EXERCISE BRIEF
Please say how many lines in the material include the string "with", and nothing else.

THE RECORDS

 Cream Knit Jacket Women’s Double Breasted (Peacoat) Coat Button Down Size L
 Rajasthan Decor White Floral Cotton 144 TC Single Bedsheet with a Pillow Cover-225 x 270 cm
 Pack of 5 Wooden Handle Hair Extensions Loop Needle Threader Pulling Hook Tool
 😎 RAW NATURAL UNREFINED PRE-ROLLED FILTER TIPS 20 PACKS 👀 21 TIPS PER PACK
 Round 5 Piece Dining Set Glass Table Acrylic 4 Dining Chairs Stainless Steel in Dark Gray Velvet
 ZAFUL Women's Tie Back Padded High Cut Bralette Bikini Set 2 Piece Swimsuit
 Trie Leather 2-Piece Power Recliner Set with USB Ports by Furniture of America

==

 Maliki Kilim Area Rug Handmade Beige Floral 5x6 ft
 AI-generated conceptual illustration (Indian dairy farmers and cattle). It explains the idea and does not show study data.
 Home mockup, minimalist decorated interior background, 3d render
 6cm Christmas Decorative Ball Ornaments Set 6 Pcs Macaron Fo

* * *

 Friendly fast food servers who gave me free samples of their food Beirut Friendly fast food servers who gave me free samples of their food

ANSWER
2